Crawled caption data

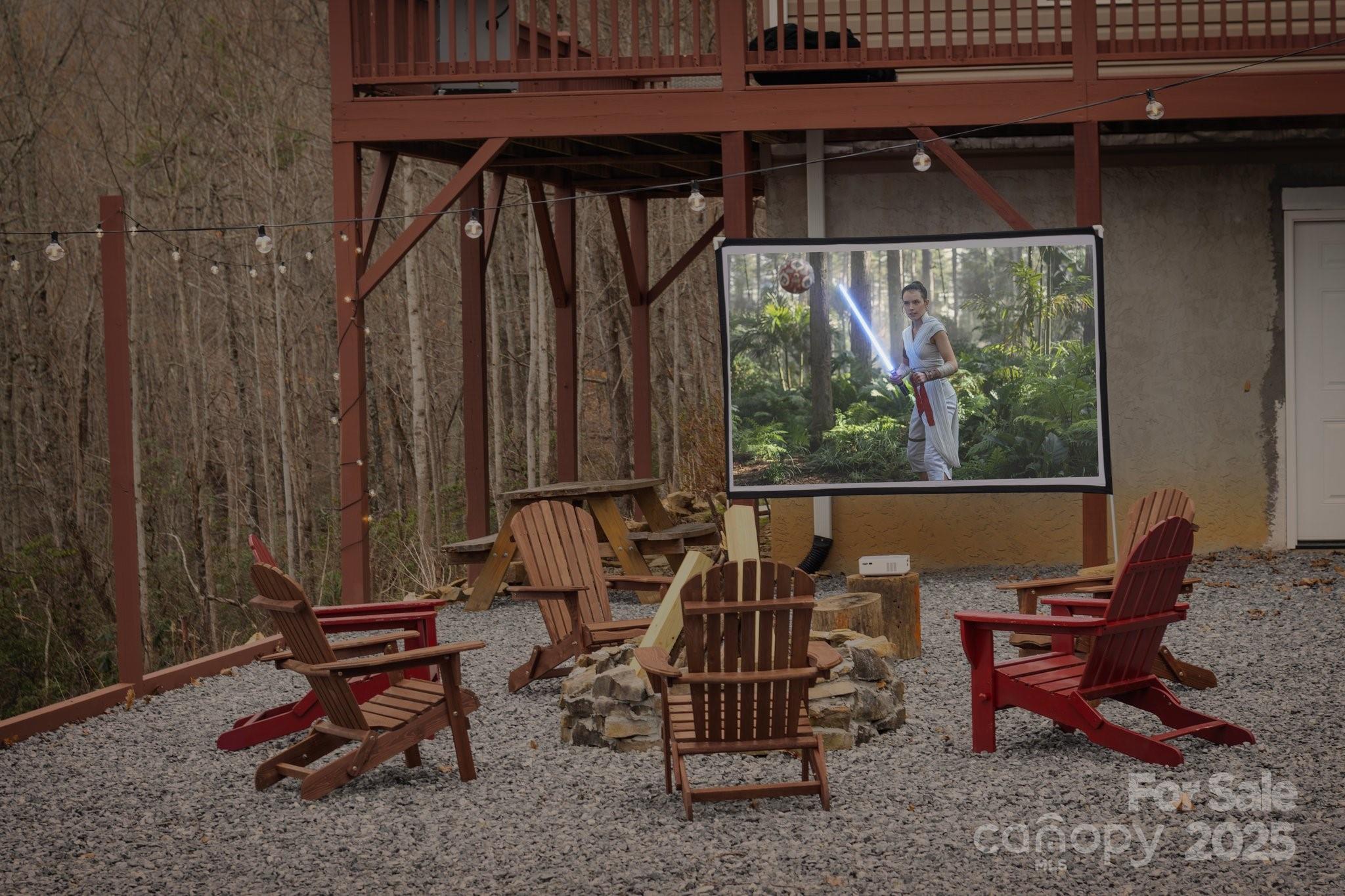 25 Lick Log Ridge Fairview, NC 28730 - Photo 5 of 34 a backyard of a house with table and chairs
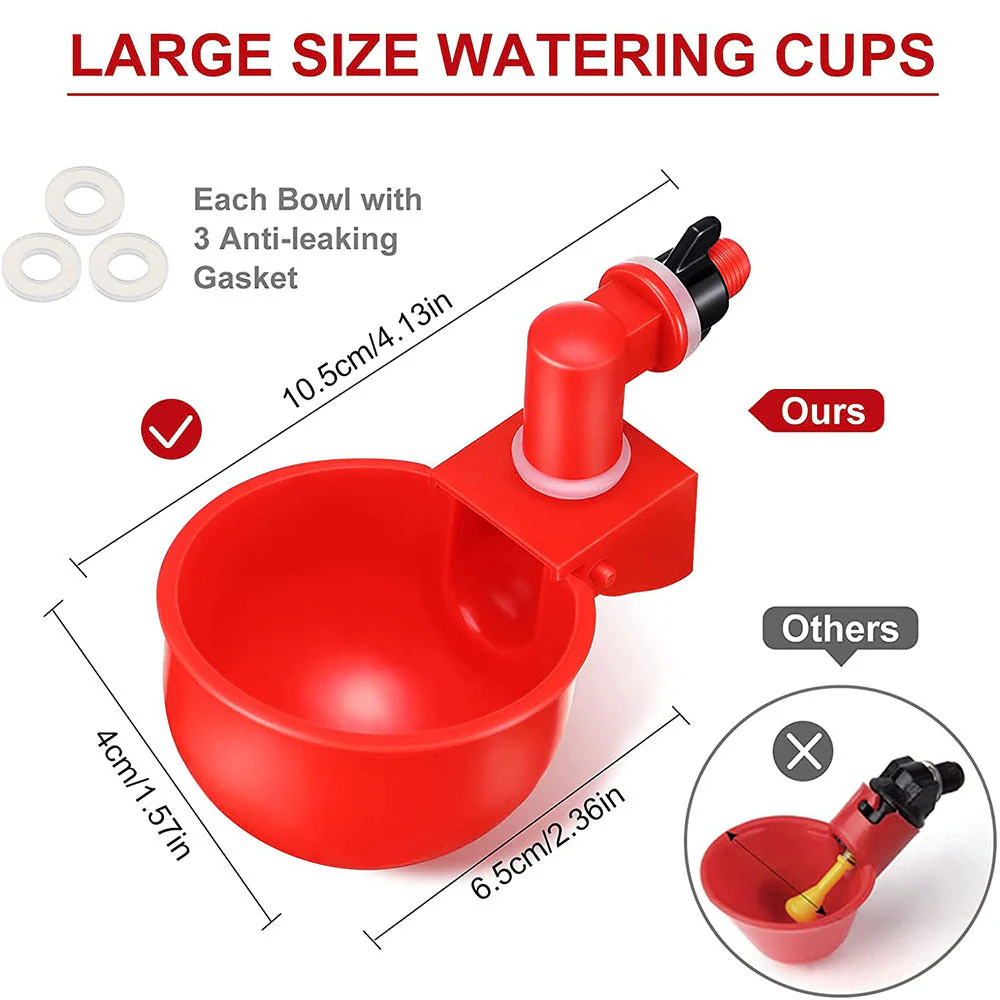 đ„đ„Gift For Chicken Lovers 49% OFF--đ„Automatic Chicken Water Cup Bird Coo - Image 13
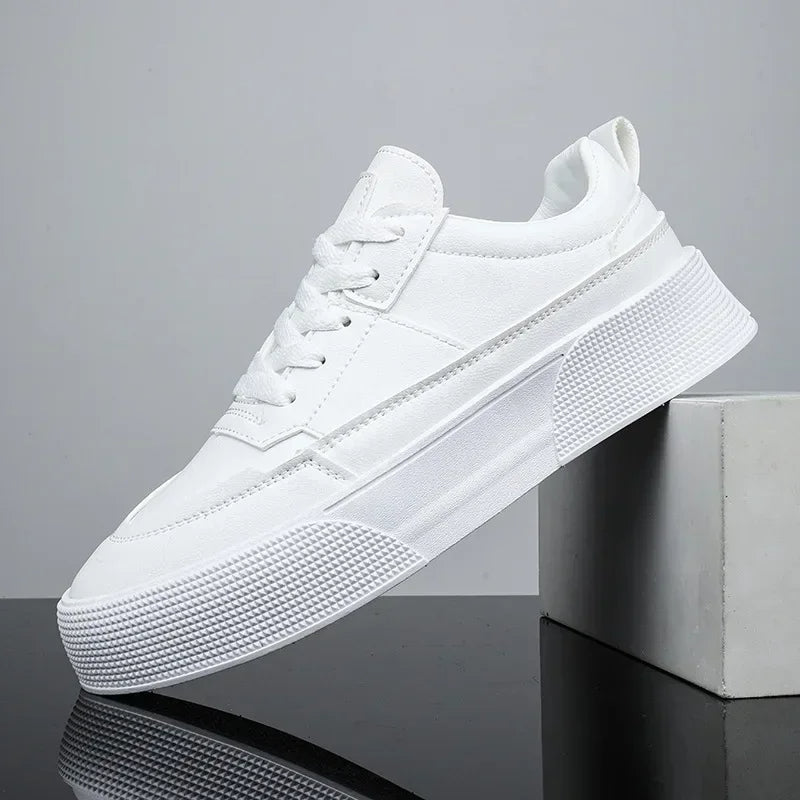 Tênis de Couro White Classic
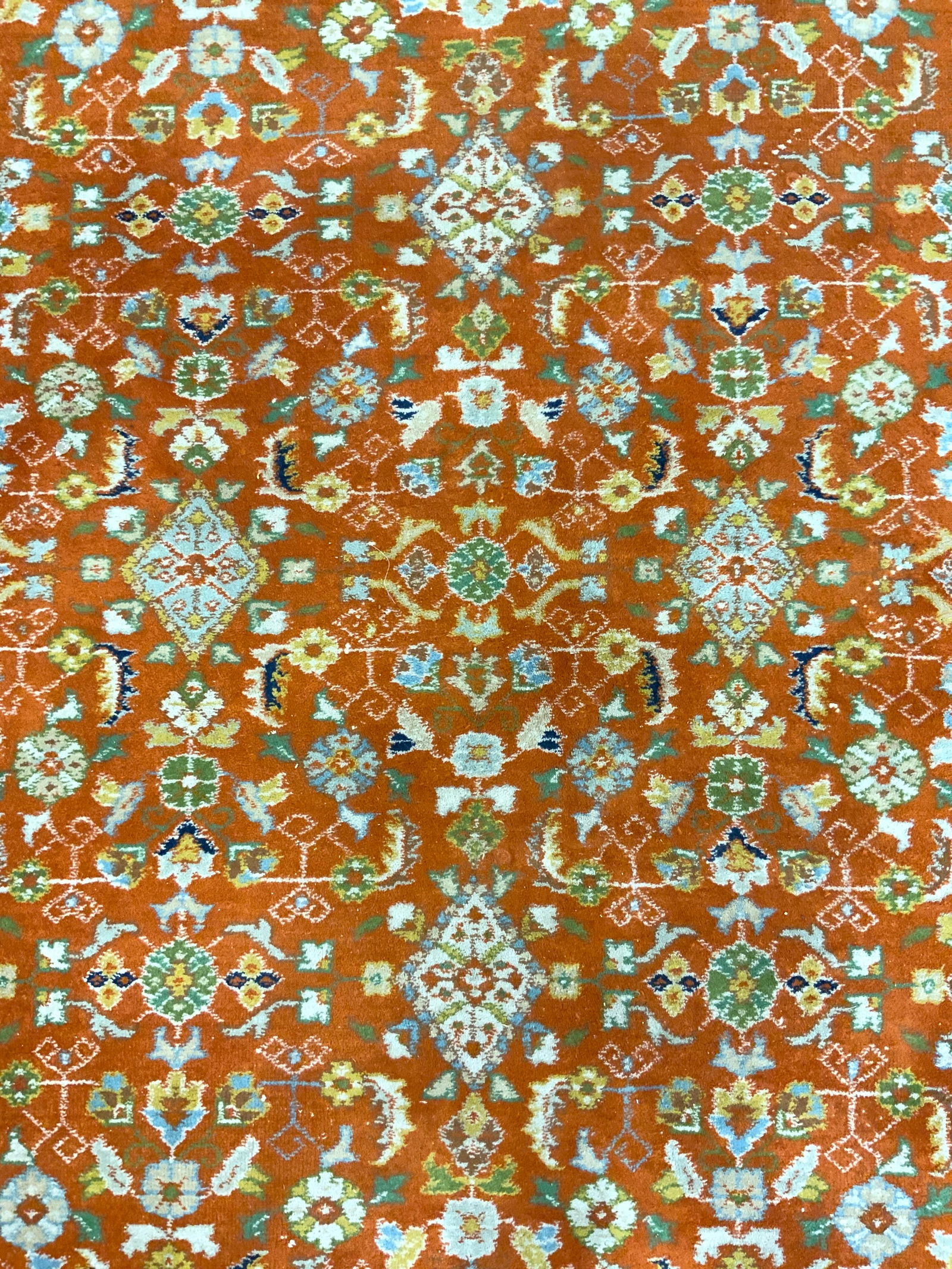 Vintage Handmade Oriental Wool Area Rug (1 of 8)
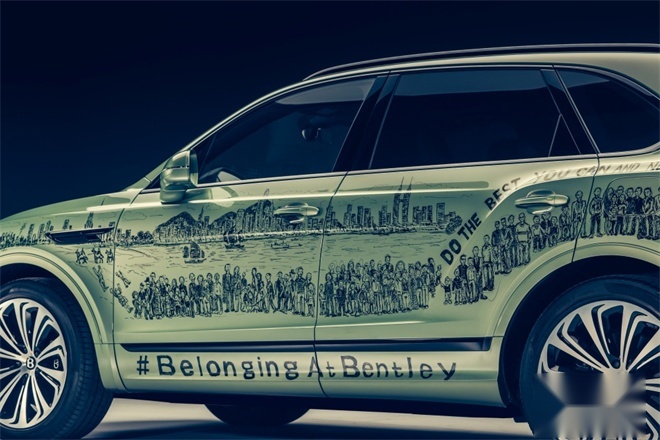 宾利汽车发布建筑师手工绘制的“BELONGING BENTAYGA”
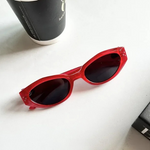 Lunettes de Soleil Ovales Rouge Felix - Groupe Stray Kids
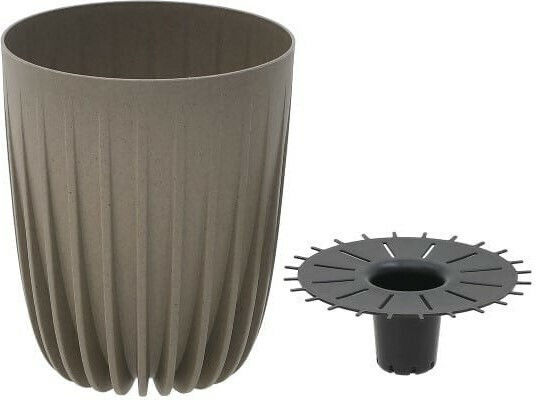 Click PL Planter Plastic Beige 19x19x23cm.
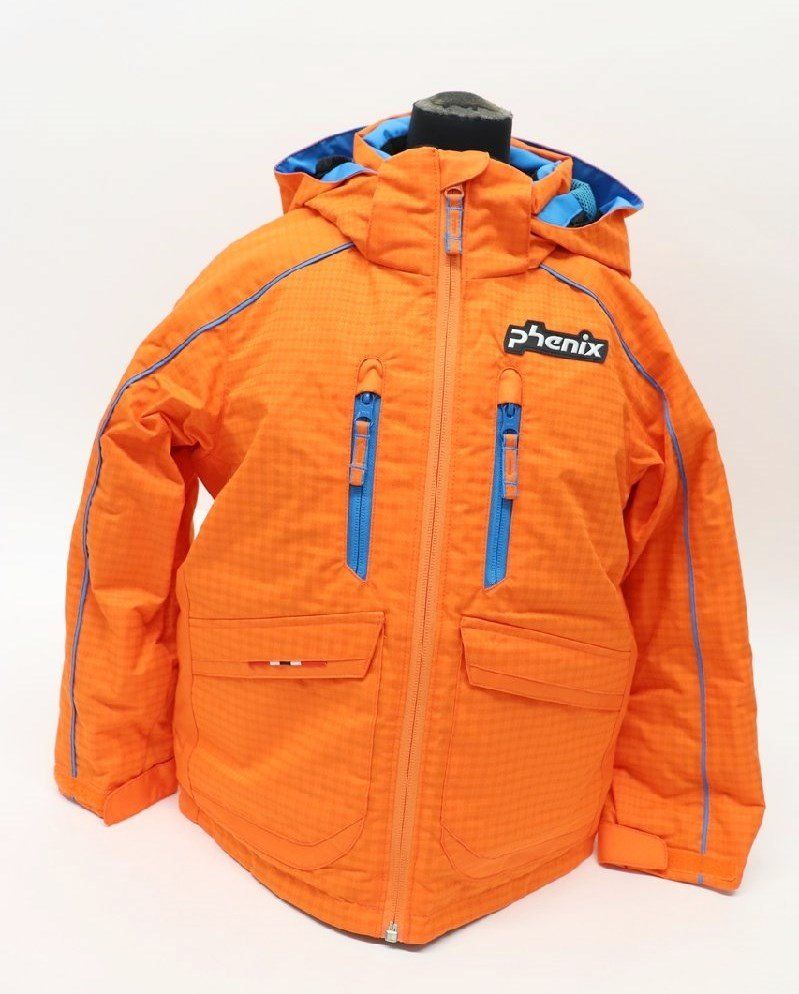 Phenix フェニックス ジュニア スキージャケット-パンツ 105-125cm オレンジ×ブルー ES4G22P80 R2509-148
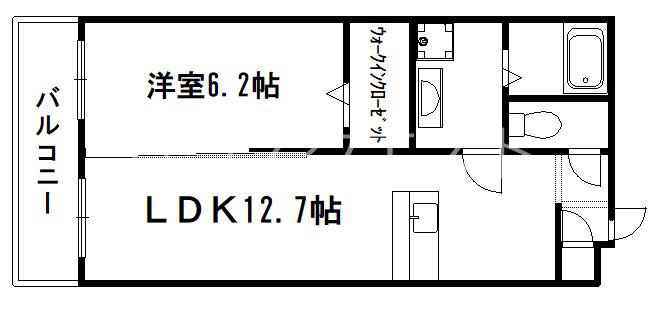 ヴェルドミール(1LDK/3階)の間取り写真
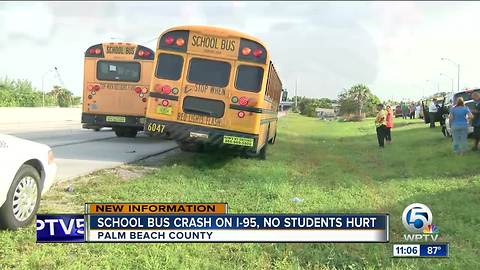 Bak Middle School bus involved on crash on I-95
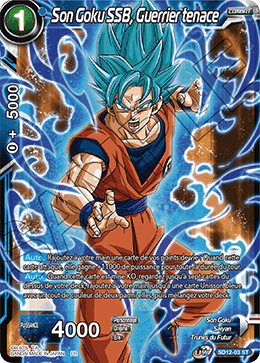 Son Goku SSB, Guerrier tenace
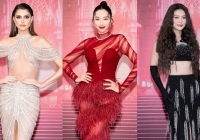 Thảm đỏ Bán kết Miss Grand International: Thùy Tiên 'nổi bần bật' trong sắc đỏ, Thiên Ân gây chú ý vì mái tóc xù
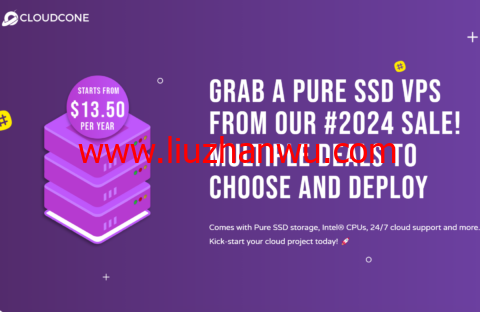 CloudCone：洛杉矶机房，2核/1GB/15G SSD/3TB@1Gbps，$13.5/年-国外主机测评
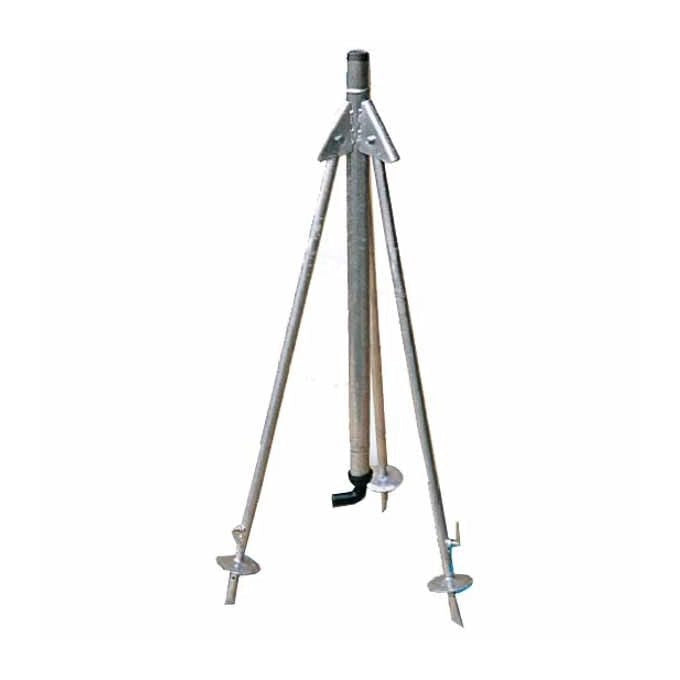 Valla 1''1-2 M MM 40 Supporto Irrigatori Struttura in Acciaio Zincato Altezza Regolabile Uscita Attacco Filettato Entrata Portagomma Nylon Curvo colore Nero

:: Work order ::
Which lines run from the one containing "Phenix フェニックス ジュニア" through the last line of the entries above? Output them exactly, both ends included, with no pictures.

:: Expected answer ::
 Phenix フェニックス ジュニア スキージャケット-パンツ 105-125cm オレンジ×ブルー ES4G22P80 R2509-148
 ヴェルドミール(1LDK/3階)の間取り写真
 Bak Middle School bus involved on crash on I-95
 Son Goku SSB, Guerrier tenace
 Thảm đỏ Bán kết Miss Grand International: Thùy Tiên 'nổi bần bật' trong sắc đỏ, Thiên Ân gây chú ý vì mái tóc xù
 CloudCone：洛杉矶机房，2核/1GB/15G SSD/3TB@1Gbps，$13.5/年-国外主机测评
 Valla 1''1-2 M MM 40 Supporto Irrigatori Struttura in Acciaio Zincato Altezza Regolabile Uscita Attacco Filettato Entrata Portagomma Nylon Curvo colore Nero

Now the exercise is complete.